New England-Style Bread, Sausage, and Chestnut Stuffing for Turkey
Remember that this recipe must be started three to four days before Thanksgiving because the bread must dry. Never use store-bought bread croutons for this preparation. It will be easiest to finish this the Wednesday night before Thanksgiving and keep it refrigerated until needed to stuff the turkey.
The stuffing should look pretty well coated with herbs, chestnuts and sausage and be ever so slightly moist. The best way to keep the bread somewhat moist is by reserving some turkey stock to pour on it. The nonstuffed stuffing can be cooked the previous evening or Thanksgiving morning if you don’t have two ovens, then reheated at 475 F for 20 to 30 minutes while the turkey is resting and being carved.

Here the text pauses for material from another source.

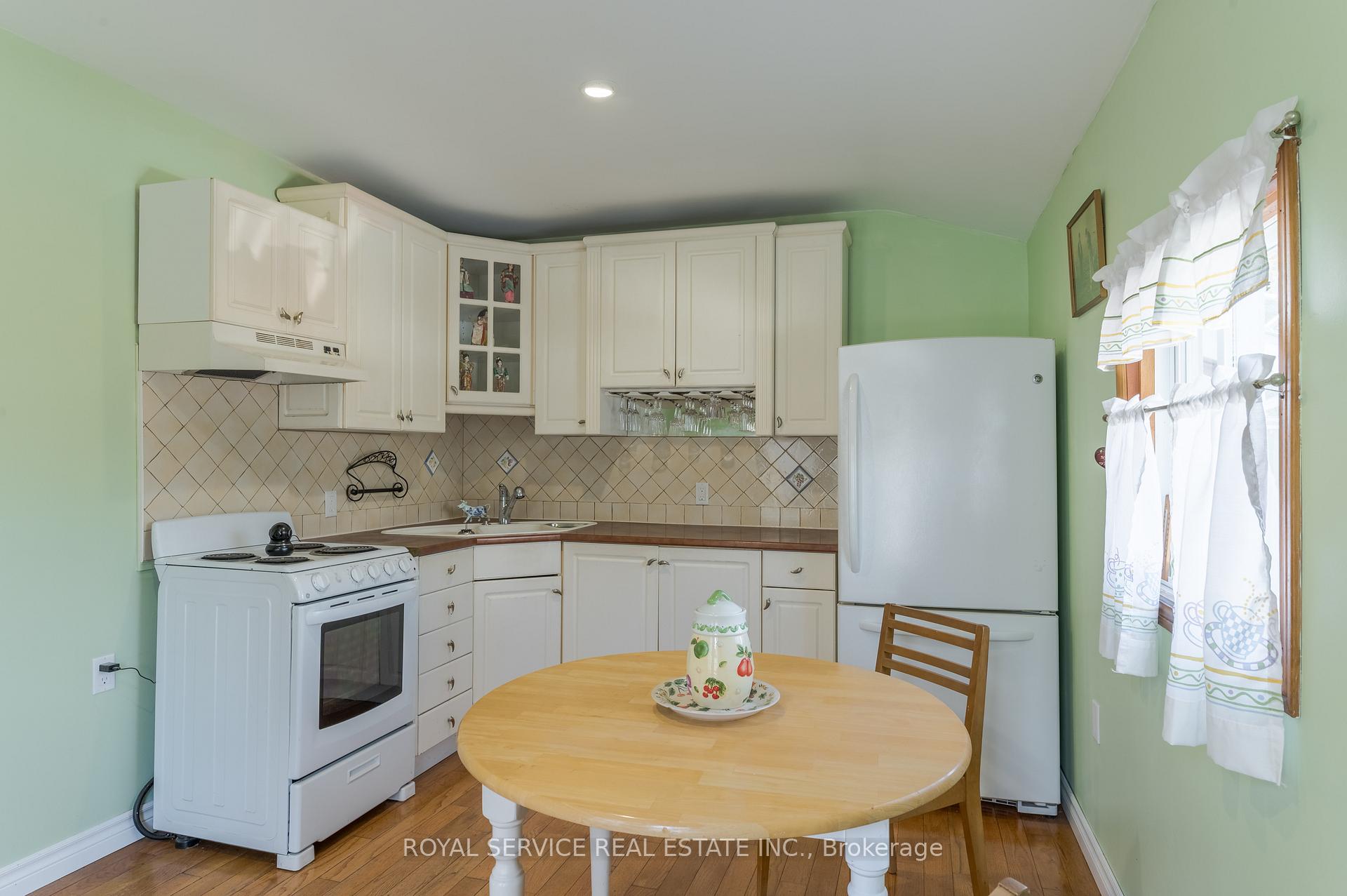 Photo 11 of 94 Albert Street, Cobourg — HOMEH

The stuffing in a 16-pound-plus turkey should be sufficient for eight to 10 diners, and the nonstuffed stuffing is extra that you probably will not need. The recipe can be halved easily and still feed 10 people with a little bit of leftover.
Another tip: You may be tempted to use a food processor for all the chopping, but in order to have the right size of chopped vegetables it’s best to do the chopping by hand.
Prep time: 1 hour
Cooking time: 40 minutes
Total time: 1 hour, 40 minutes
Yield: Enough stuffing for one 25-pound turkey plus extra
4 loaves French baguette bread
1/2 cup (1 stick) unsalted butter
2 cups chopped shallots
2 cups chopped celery
2 pounds mild Italian sausage, casing removed, meat crumbled
6 tablespoons finely chopped fresh tarragon leaves
1 tablespoon ground dried sage
1 tablespoon dried thyme
1 tablespoon dried summer savory
1 1/2 tablespoons salt
2 tablespoons freshly ground black pepper
2 cups chopped fresh roasted and shelled chestnuts (see note)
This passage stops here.